During the course of the year, CAG said the departments concerned accepted under-assessment and other deficiencies of Rs 1.45 crore and recovered an amount of Rs 4.68 lakh, which were pointed out in the audit during 2014-15.

The report tabled in Delhi Assembly today covers the activities of revenue and social and economic sectors (PSUs) and social, general and economic Sectors (Non-PSUs).

The current AAP government, led by Arvind Kejriwal, was in power in the state only for a small duration of the period under the CAG review. The total revenue receipts of the Delhi government in 2014-15 were Rs 29,584.59 crore compared with Rs 27,980.69 crore in 2013-14.
Out of this, 92 per cent was raised through tax revenue (Rs 26,603.90 crore) and non-tax revenue (Rs 632.55 crore). The remaining eight per cent was received from the central government as grants-in-aid (Rs 2,348.14 crore).
The increase in tax revenue was 2.64 per cent and decrease in non-tax revenue was 4.03 per cent over the previous year, the report said.

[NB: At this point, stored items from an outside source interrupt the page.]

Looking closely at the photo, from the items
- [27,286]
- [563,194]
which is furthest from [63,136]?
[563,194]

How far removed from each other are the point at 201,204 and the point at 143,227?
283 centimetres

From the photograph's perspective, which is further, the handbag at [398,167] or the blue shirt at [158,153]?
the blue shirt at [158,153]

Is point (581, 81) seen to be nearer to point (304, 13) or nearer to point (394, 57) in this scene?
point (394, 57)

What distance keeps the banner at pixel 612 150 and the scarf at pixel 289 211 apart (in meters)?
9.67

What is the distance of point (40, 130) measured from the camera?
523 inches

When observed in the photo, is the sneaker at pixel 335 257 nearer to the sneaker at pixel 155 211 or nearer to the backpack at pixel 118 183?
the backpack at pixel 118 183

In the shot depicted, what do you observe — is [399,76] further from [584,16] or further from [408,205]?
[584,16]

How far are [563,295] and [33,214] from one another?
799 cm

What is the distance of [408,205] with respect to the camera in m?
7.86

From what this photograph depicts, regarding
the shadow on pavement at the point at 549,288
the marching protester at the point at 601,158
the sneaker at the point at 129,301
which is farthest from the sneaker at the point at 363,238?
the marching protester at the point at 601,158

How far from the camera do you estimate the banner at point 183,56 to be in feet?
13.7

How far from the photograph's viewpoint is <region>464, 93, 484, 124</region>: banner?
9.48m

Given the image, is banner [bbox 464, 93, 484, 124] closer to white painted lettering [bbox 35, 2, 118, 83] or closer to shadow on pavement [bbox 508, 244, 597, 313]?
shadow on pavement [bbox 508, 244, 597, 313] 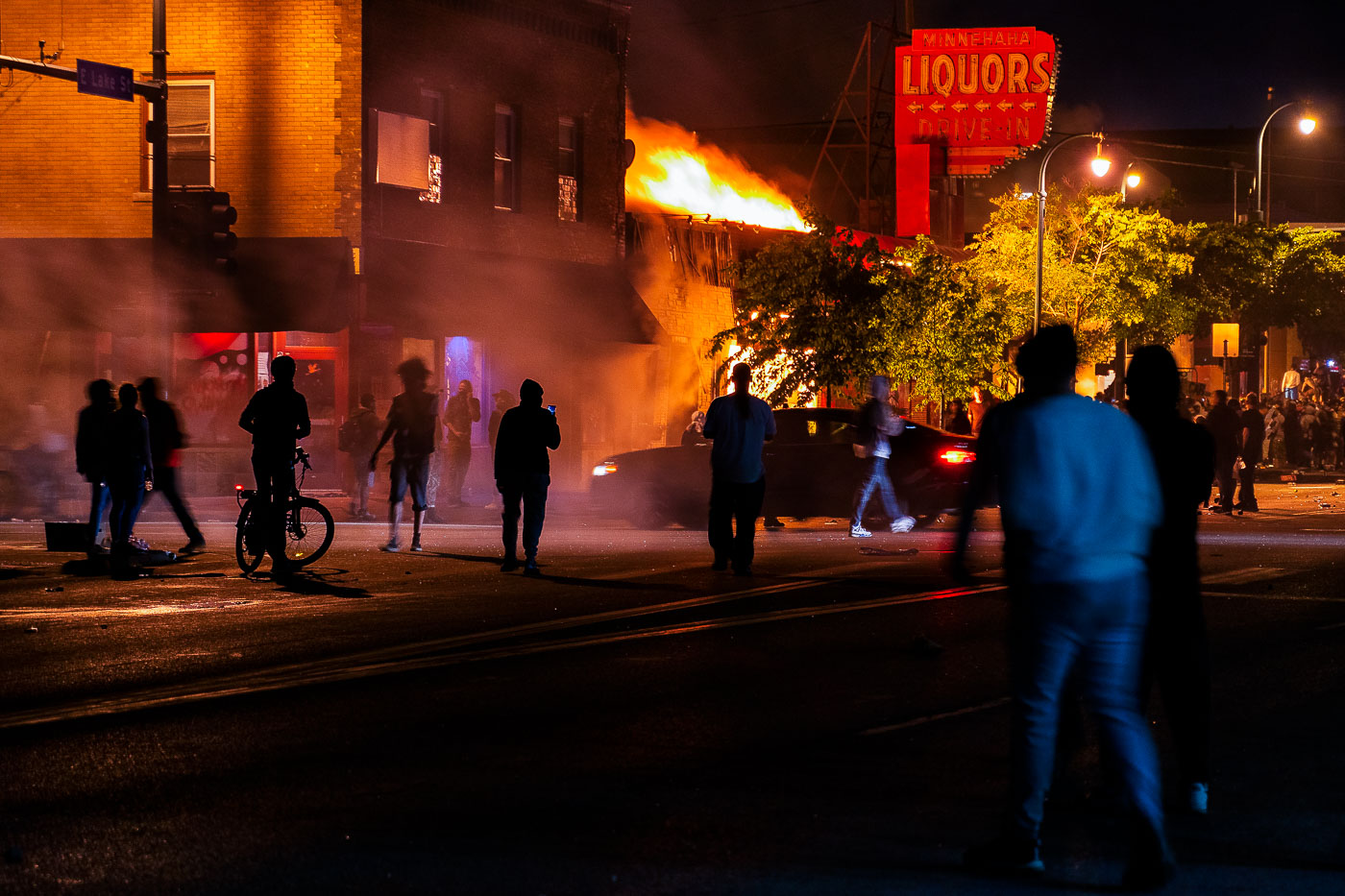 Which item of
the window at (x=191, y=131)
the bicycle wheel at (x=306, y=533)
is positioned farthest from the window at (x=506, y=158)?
the bicycle wheel at (x=306, y=533)

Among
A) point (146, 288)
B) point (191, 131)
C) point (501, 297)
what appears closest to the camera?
point (146, 288)

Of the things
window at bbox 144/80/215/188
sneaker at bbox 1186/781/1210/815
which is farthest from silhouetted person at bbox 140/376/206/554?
sneaker at bbox 1186/781/1210/815

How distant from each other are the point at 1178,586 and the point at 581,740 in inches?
111

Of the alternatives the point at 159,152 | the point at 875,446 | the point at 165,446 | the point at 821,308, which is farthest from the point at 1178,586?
the point at 821,308

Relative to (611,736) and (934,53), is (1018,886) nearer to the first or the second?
(611,736)

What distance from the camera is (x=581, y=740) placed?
24.6 ft

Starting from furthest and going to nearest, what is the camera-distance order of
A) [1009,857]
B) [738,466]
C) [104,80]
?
[104,80] < [738,466] < [1009,857]

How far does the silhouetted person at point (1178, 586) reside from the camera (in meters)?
6.23

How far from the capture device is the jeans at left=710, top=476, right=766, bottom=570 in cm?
1439

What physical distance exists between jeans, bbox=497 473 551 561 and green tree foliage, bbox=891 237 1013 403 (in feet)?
52.1

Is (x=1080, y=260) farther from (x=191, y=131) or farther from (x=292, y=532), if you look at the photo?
(x=292, y=532)

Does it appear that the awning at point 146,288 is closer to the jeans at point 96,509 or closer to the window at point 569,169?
the window at point 569,169

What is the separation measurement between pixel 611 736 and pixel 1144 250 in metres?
37.7

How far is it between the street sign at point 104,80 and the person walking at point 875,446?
9813mm
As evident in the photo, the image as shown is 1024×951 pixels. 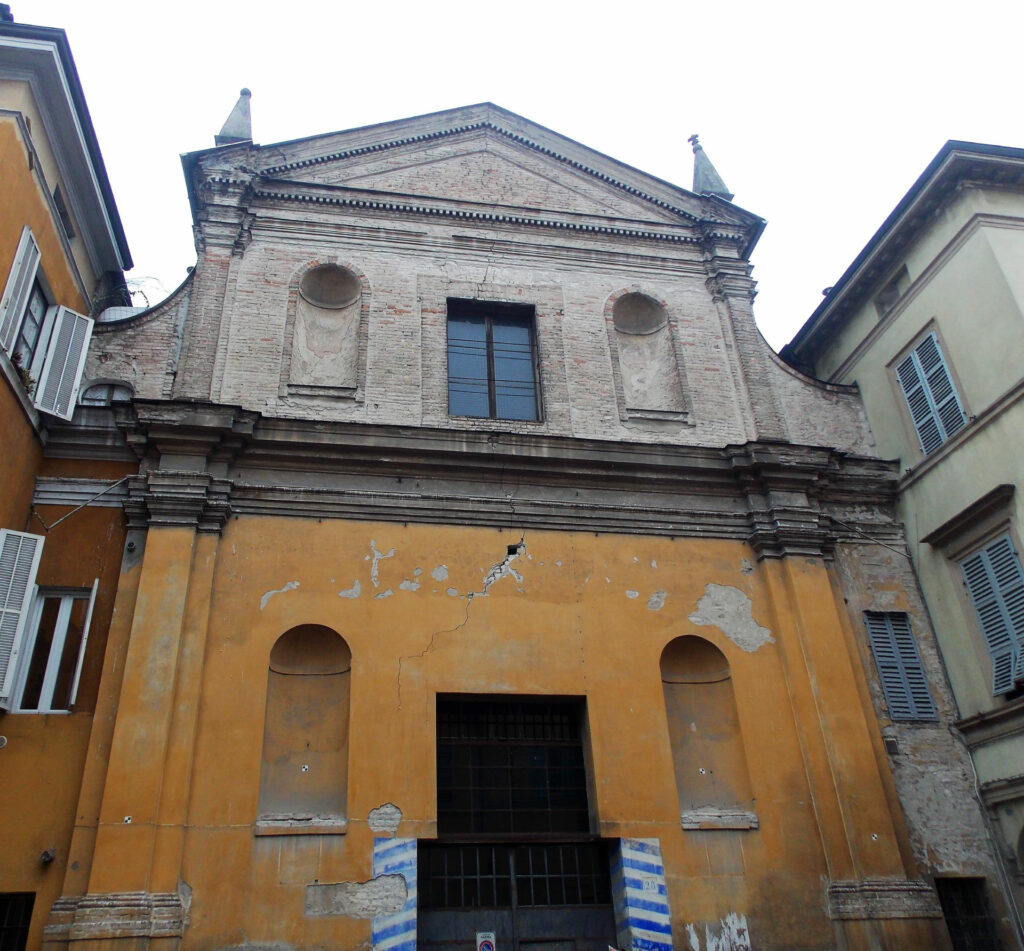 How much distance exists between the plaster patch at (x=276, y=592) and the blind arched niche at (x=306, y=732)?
0.41 metres

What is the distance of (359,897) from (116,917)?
2084mm

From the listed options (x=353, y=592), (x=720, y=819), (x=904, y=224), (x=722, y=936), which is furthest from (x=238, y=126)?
(x=722, y=936)

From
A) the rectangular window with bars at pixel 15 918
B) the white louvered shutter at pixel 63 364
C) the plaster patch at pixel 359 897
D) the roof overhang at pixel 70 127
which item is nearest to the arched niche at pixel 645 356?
the plaster patch at pixel 359 897

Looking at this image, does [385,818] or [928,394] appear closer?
[385,818]

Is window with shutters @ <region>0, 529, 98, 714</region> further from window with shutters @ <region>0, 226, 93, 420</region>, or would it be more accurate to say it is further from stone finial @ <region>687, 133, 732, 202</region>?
stone finial @ <region>687, 133, 732, 202</region>

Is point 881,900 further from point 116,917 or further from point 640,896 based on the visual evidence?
point 116,917

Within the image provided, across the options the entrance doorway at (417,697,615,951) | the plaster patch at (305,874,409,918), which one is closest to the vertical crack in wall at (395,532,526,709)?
the entrance doorway at (417,697,615,951)

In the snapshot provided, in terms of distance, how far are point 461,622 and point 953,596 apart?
591 centimetres

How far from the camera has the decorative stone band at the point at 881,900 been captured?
30.3ft

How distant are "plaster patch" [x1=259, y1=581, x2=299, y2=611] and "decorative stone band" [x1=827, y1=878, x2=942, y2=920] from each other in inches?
250

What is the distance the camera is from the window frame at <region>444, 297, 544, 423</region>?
1227 cm

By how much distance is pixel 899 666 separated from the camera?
438 inches

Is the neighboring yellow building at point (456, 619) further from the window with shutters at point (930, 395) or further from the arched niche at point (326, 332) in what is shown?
the window with shutters at point (930, 395)

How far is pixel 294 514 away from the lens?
10.5 m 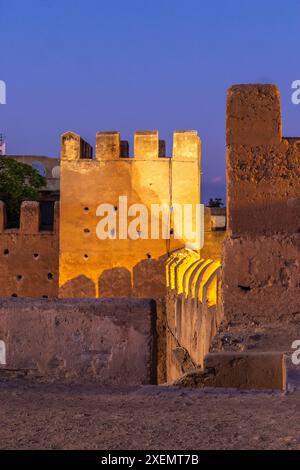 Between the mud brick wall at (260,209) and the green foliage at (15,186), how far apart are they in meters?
16.8

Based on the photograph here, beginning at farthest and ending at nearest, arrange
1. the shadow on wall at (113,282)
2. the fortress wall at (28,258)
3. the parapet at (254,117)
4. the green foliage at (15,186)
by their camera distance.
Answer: the green foliage at (15,186), the fortress wall at (28,258), the shadow on wall at (113,282), the parapet at (254,117)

Performance Audit on System of Assessment under Value Added Tax (VAT) showed that 181 cases, each with annual gross turnover of Rs 5 crore and above, (aggregated turnover Rs 5,546.61 crore) for 2009-10 and 2010-11, were not scrutinised and assessed and had become time-barred.

Ineffective monitoring of demand cases led to non-realisation of government dues worth Rs 512.05 crore, including Rs 214.98 crore due from dealers whose registrations had been cancelled.

Further, system checks were not integrated to prevent issue of refunds to the dealers whose registrations have been cancelled and assessments were done subsequently.